═══ PROVIDED MATERIAL
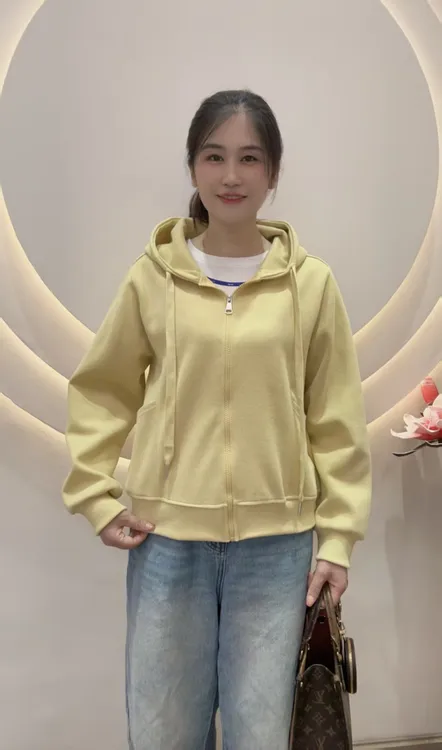 女款开衫秋季2025新款连帽外套女装口袋正肩卫衣百搭春秋休闲衣服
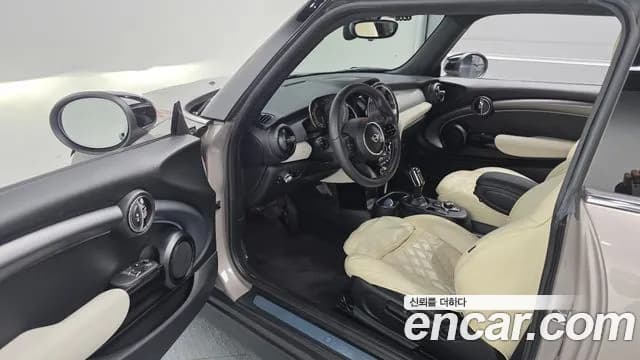 2022 Mini Cooper Electric Gen ZE Edition Sold VIN WMW11DJ09N2S49073 – dashboard 2022 Mini Cooper Electric Gen ZE Edition Sold VIN WMW11DJ09N2S49073 – dashboard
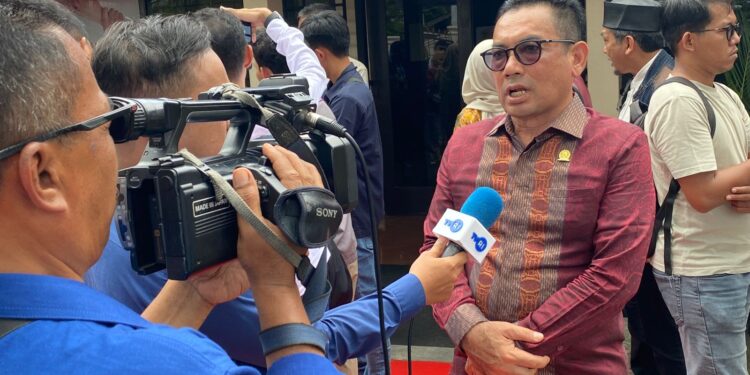 Ⓒ Hak cipta foto di atas dikembalikan sesungguhnya kepada pemilik foto KETIKKABARcom Ⓒ Hak cipta foto di atas dikembalikan sesungguhnya kepada pemilik foto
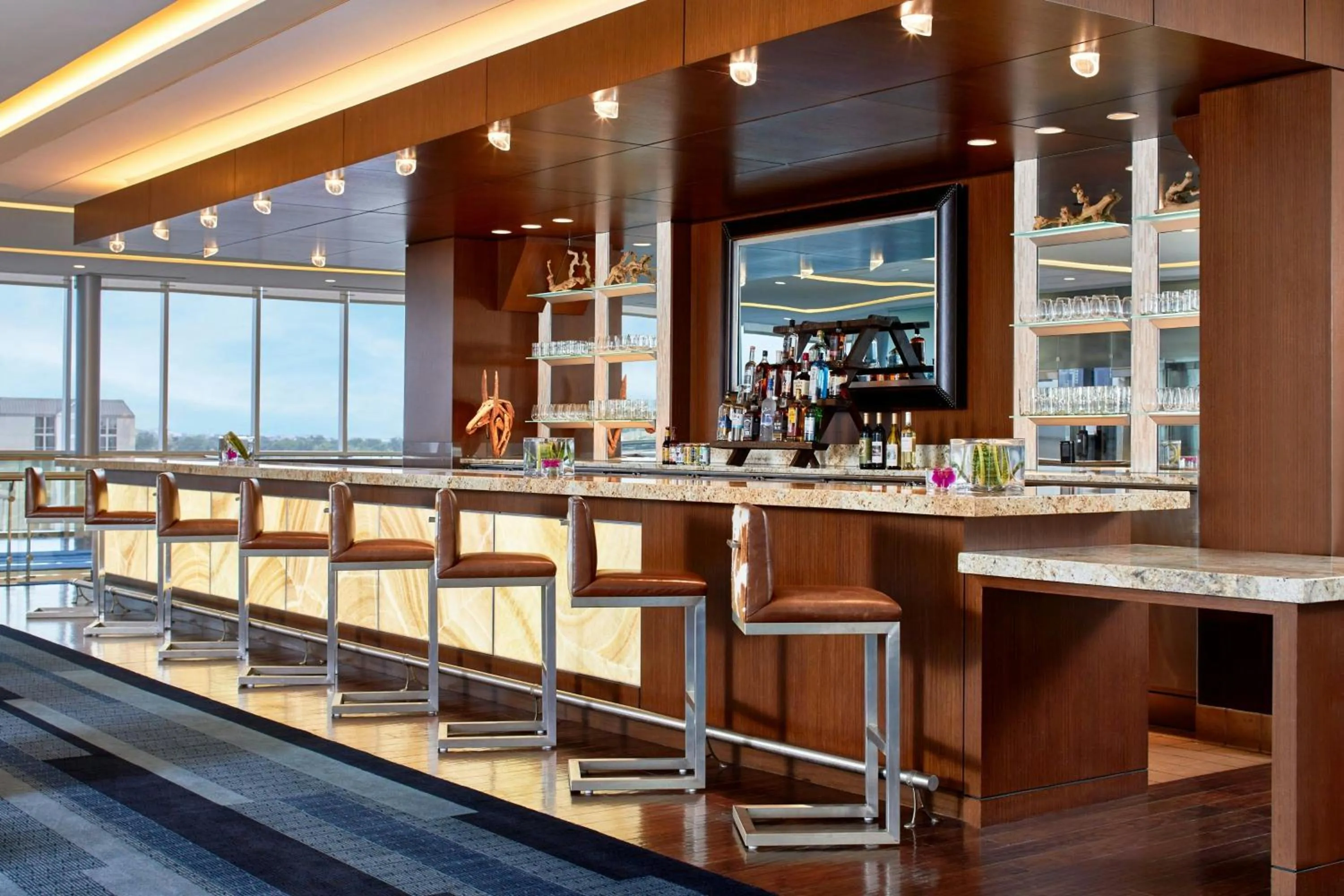 Lounge or bar in Renaissance Dallas Hotel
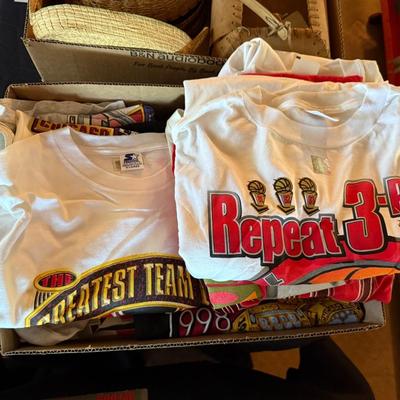 Sale Photo Thumbnail #5: Mostly new Chicago Bulls T-Shirts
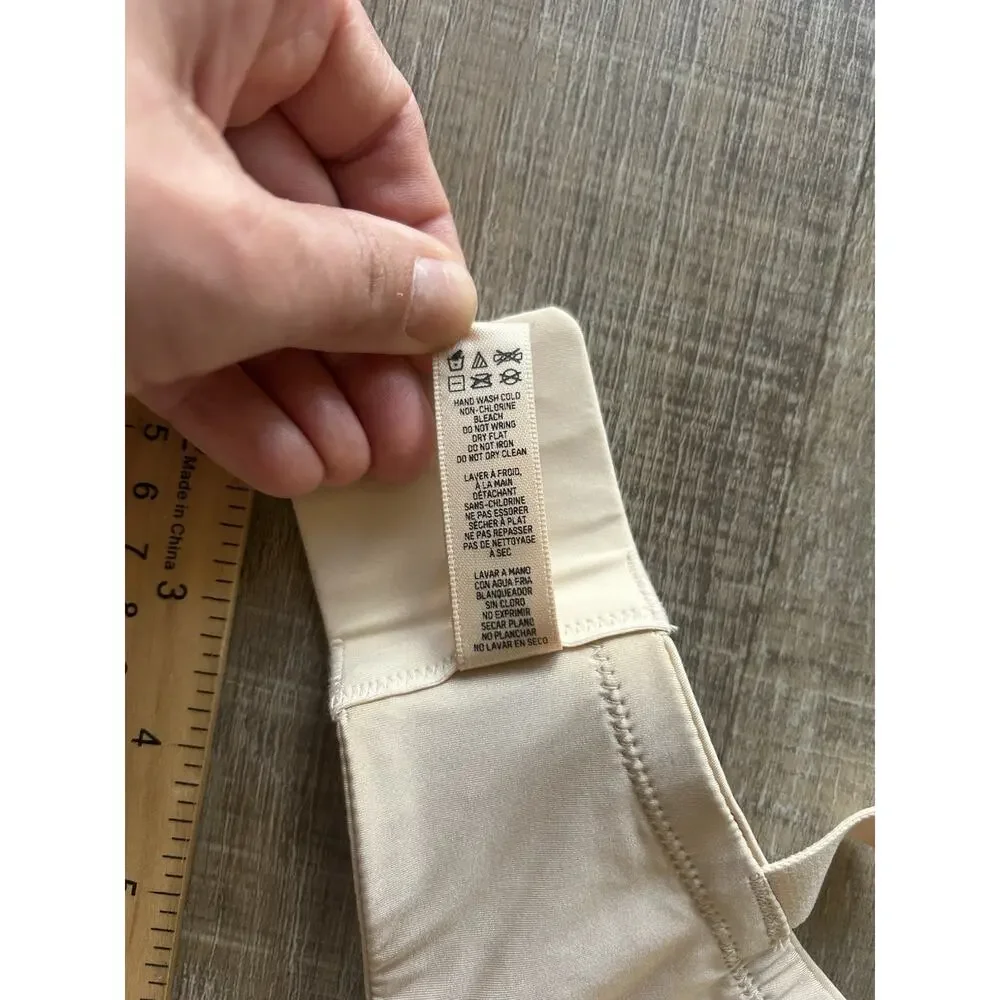 Skims Plunge Bra 38H Nude Beige Seamless Wireless T Shirt Bra EUC - Picture 3 of 8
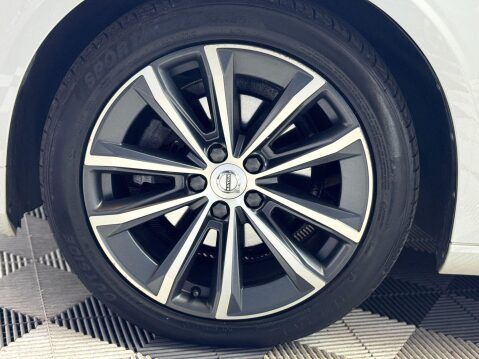 Volvo V60 2.0 B3 MHEV Momentum Auto Euro 6 (s/s) 5dr 31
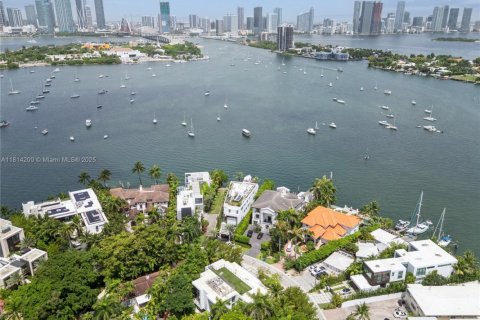 Villa ou maison à vendre à Miami Beach, Floride: 5 chambres, 524.15 m2 № 1957401 - photo 30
══════
ACTIVITY →
Begin at the line containing "Lounge or bar in Renaissance Dallas Hotel" and stop at the last line of the data. Repeat only those lines, exactly, and leave out the pictures.

SOLVED EXERCISE →
 Lounge or bar in Renaissance Dallas Hotel
 Sale Photo Thumbnail #5: Mostly new Chicago Bulls T-Shirts
 Skims Plunge Bra 38H Nude Beige Seamless Wireless T Shirt Bra EUC - Picture 3 of 8
 Volvo V60 2.0 B3 MHEV Momentum Auto Euro 6 (s/s) 5dr 31
 Villa ou maison à vendre à Miami Beach, Floride: 5 chambres, 524.15 m2 № 1957401 - photo 30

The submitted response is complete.